[![Open In Colab](https://colab.research.google.com/assets/colab-badge.svg)](https://colab.research.google.com/github/alucantonio/data_enhanced_simulation/blob/master/7_IntroRL.ipynb)

# Introduction to Reinforcement Learning

References:
- Zai & Brown's "Deep Reinforcement Learning in Action"
- Thomas Simonini's [course](https://huggingface.co/learn/deep-rl-course/en/unit0/introduction)
- David Silver's RL [course](https://www.davidsilver.uk/teaching/)

Reinforcement Learning (RL) is a branch of machine learning. The idea behind RL is that
an **agent** (an AI) will learn from the **environment** by interacting with it (through
trial and error) and receiving **rewards** (negative or positive) as feedback for
performing actions. RL is a framework for solving control tasks (also called **decision
problems**). 

Let's look at the definition of the key terms.

A **reward** $R_t$ is a scalar feedback signal that indicates how well agent is doing at step $t$
- The agent’s job is to maximise cumulative reward
- Actions may have long term consequences
- It may be better to sacrifice immediate reward to gain more long-term reward

RL is based on the _reward hypothesis_: All goals can be described by the maximisation of expected
cumulative reward.

A **state** is the set of information available in the environment that can be
used to make decisions.
- **Markov decision process (MDP)**: the current state alone contains enough information to
choose optimal actions to maximize future rewards (we can forget the history of state-actions).

A **policy** characterizes the agent's behavior in some environment. It is a map between
states and actions (can be a probability distribution). The probability of each action in the distribution is
the probability that the action will produce the greatest reward. 
The _optimal policy_ is the strategy that maximizes the rewards.

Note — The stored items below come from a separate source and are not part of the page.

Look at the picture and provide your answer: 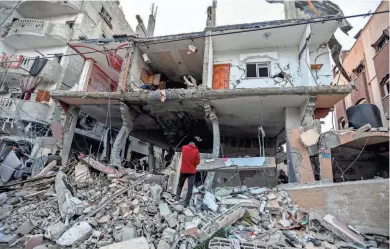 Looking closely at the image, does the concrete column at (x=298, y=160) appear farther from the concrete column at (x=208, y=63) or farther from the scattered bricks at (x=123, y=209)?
the scattered bricks at (x=123, y=209)

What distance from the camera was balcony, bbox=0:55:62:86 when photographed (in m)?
17.8

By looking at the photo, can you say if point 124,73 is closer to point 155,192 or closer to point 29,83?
point 155,192

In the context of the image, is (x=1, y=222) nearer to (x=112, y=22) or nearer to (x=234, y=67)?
(x=234, y=67)

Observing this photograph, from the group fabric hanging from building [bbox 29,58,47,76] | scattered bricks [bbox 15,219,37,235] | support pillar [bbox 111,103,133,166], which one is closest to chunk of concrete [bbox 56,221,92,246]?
scattered bricks [bbox 15,219,37,235]

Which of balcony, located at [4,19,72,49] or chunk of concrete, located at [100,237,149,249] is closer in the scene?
chunk of concrete, located at [100,237,149,249]

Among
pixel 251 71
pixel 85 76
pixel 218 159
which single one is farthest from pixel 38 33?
pixel 218 159

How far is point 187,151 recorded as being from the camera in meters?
6.68

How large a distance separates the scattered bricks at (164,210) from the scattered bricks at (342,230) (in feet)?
12.3

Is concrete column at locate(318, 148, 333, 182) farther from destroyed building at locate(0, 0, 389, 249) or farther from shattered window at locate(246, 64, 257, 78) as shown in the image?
shattered window at locate(246, 64, 257, 78)

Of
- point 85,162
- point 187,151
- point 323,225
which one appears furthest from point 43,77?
point 323,225

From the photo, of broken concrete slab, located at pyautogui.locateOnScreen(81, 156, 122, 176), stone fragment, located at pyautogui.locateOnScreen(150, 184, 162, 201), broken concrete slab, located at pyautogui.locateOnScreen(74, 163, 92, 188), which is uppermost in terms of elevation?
broken concrete slab, located at pyautogui.locateOnScreen(81, 156, 122, 176)

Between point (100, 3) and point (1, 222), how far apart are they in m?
23.4

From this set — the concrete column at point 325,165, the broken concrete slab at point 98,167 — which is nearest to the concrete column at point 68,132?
the broken concrete slab at point 98,167

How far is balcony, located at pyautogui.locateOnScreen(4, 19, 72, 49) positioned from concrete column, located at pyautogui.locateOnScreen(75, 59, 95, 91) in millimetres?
7307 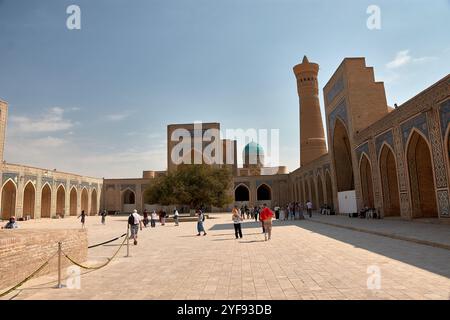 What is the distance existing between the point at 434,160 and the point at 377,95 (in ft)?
27.1

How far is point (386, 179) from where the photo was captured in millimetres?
16656

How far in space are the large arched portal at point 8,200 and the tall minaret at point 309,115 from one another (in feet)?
90.5

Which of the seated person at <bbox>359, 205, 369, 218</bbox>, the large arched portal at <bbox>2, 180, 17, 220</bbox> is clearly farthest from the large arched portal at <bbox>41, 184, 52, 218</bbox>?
the seated person at <bbox>359, 205, 369, 218</bbox>

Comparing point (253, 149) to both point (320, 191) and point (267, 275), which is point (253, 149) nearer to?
point (320, 191)

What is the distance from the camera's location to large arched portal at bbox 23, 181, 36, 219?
1201 inches

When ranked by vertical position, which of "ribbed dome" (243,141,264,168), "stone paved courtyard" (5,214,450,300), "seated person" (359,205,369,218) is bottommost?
"stone paved courtyard" (5,214,450,300)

The **value** function gives a prediction of future reward. It maps a state or a
state-action pair into the expected reward (long-term average of
rewards received after being in some state or taking some action). When we speak of
_the_ value function, we usually mean a state-value function. The value function depends
on the policy used to take actions. 

Examples of problems solvable via RL:
- Fly stunt manoeuvres in a helicopter
- Defeat the world champion at Backgammon
- Manage an investment portfolio
- Control a power station
- Make a humanoid robot walk
- Play many diﬀerent Atari games better than humans


RL algorithm can, in principle, employ any statistical learning model, but it has become
increasingly popular and effective to use deep neural networks.

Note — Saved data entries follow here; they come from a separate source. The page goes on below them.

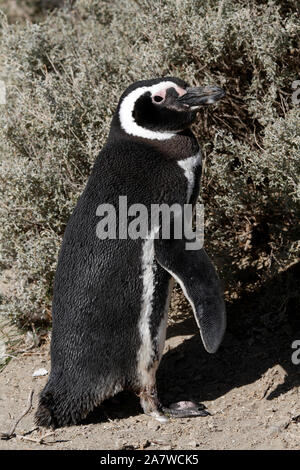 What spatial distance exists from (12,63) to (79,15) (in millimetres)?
1066

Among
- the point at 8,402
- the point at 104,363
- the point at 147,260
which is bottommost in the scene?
the point at 8,402

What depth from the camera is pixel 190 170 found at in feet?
9.00

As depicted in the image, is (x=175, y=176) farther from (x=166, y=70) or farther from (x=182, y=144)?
(x=166, y=70)

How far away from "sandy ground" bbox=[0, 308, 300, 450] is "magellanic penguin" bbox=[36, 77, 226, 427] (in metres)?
0.12

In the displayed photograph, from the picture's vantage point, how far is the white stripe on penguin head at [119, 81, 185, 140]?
273 cm

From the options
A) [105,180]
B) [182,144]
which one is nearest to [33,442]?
[105,180]

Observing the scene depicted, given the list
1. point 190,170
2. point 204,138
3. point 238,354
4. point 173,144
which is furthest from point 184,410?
point 204,138

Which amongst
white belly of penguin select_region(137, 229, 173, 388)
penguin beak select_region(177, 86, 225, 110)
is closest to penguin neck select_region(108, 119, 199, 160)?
penguin beak select_region(177, 86, 225, 110)

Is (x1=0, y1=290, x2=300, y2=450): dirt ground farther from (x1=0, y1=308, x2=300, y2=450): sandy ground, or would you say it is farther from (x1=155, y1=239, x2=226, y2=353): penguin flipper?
(x1=155, y1=239, x2=226, y2=353): penguin flipper

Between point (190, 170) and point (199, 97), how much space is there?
0.30 meters

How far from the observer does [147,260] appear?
8.69 ft

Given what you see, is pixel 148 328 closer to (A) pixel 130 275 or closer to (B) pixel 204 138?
(A) pixel 130 275

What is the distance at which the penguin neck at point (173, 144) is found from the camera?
2.75 metres

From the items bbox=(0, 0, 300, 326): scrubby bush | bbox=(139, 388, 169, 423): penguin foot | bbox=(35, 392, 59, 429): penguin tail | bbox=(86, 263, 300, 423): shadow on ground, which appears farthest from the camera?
bbox=(0, 0, 300, 326): scrubby bush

## Solving the multi-arm bandit

Consider $n$ slot machines, each having 1 lever. We call this situation an $n$-armed
bandit. We have $n$ possible actions (here $n = 10$) where an action means pulling the
arm, or lever, of a particular slot machine, and at each play ($k$) of this game we can
choose a single lever to pull. After taking an action ($a$) we will receive a reward,
$R_k$ (reward at play $k$). Each lever has a unique probability distribution of 
payouts (rewards).

We implement our reward probability distributions for each arm in the following way: 
Each arm will have a probability, e.g., 0.7, and the maximum reward is $10.
We will set up a for loop going to 10, and at each step it will add 1 to the reward if a
random float is less than the arm’s probability.

In [1]:
import random
import matplotlib.pyplot as plt
import numpy as np

In [17]:
def get_reward(prob, n=10):
    reward = 0;
    for i in range(n):
        if random.random() < prob:
            reward += 1
    return reward

In [None]:
# reward distribution for a 10-armed bandit with probability 0.7
reward_test = [get_reward(0.7) for _ in range(2000)]

plt.figure(figsize=(6,3))
plt.xlabel("Reward")
plt.ylabel("# Observations")
plt.hist(reward_test,bins=9)
plt.show()

Our strategy should be to play a few times, choosing different levers and observing
our rewards for each action. Then we want to only choose the lever with the largest
observed average reward.

- **Action-value function** $Q_k(a)$: gives the value of the action $a$ at play $k$ as the
arithmetic mean of all previous rewards received for taking action $a$ (**expected
reward**).

This method of simply choosing the best lever that we know of so far
is called a **greedy** (or exploitation) method. We need some **exploration** 
of other levers (other slot machines) to discover the true best action.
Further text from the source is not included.